Greta Gerwig, Analeigh Tipton, and Adam Brody star in a film written and directed by Whit Stillman.


Depending on your perspective and particular sense of humor, Whit Stillman’s brilliant and dryly funny new film may inspire uproarious laughter, gentle sniggers, bemused smirks, yawns of apathy, or, well, all of the above. For this filmgoer, the responses included everything but apathy, and an awakening sense of rediscovery of one of America’s brightest and least productive directors, this being only Stillman’s fourth feature since he debuted with Metropolitan in 1990. We need much more of this kind of smart, subtle artistry in American film.

On the surface, Damsels in Distress may resemble an entry in the college romp-com genre, taking aim at the social, sexual, and developmental follies of a group of students — primarily the “damsels” in a specific posse of friends led by the alpha gal Violet (Greta Gerwig, whose performance is a wonder of nuance and comic flair). But superficial links to the college-humor trough and the post-Apatow world are where this quirky and deft delight departs to cling to its own corner of the cinematic world.

Atmospherically, this slice of college life is carefully kept free of historical or regional references, seeming as if it could be taking place any time from the mid 1950s to the early 2010s. These “damsels” may be in distress, at times, but they’re also damsels in control. Transfer student Lily (Analeigh Tipton) arrives to gently challenge the sovereignty of Violet, shifting the socio-emotional order a bit, while the others oversee a suicide prevention center on campus, advocating tap dancing and good hygiene as agents for warding off evil and self-destructive thoughts.

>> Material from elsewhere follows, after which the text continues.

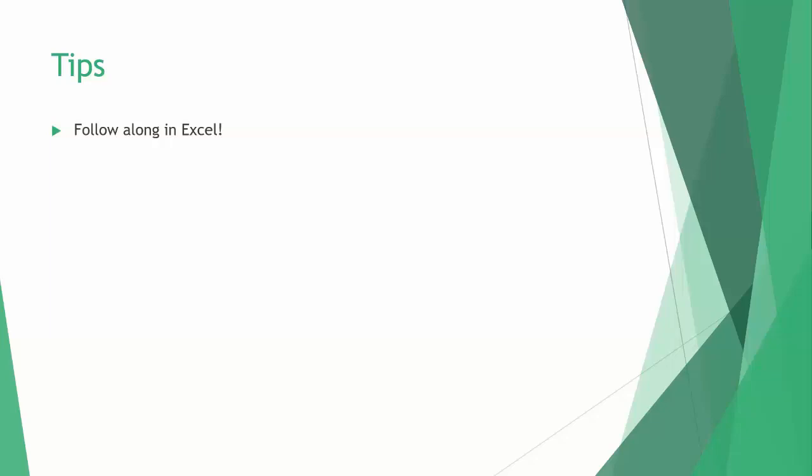The nice thing about VBA is that it's very simple as far as programming languages go, so it generally doesn't take people too long to catch on. I recommend using VBA to automate or simplify tasks that you do regularly in Excel that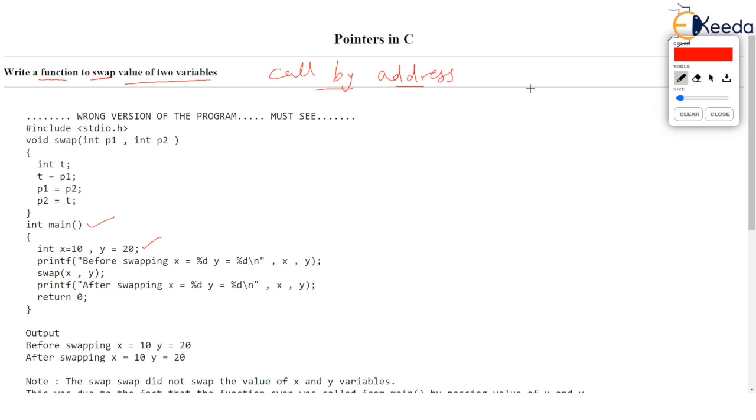Although we can do this in main function itself using a temporary variable T and get X and Y exchanged by writing T equal to X, X equal to Y, Y equal to T. I know that's child's game for you to exchange value of two variables but we want to do the same swapping problem using a function.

Stillman’s sharp and incisive, but often drolly ingenious, script is woven into an overall filmic vision that includes unexpected formality in spite of the wacky twists. The Vaseline-on-the-lens soft sheen of its look and deceptively stylish flow pays homage to Douglas Sirk’s artful ’50s melodramas, while at times we feel and fear that the undertones of dark forces could lead to Todd Solondz-esque perversity. But it doesn’t. A marvel of delicate balance, Damsels keeps its decorum in the face of numbskull frat boys and lowbrow rules of the Hollywood comedy game.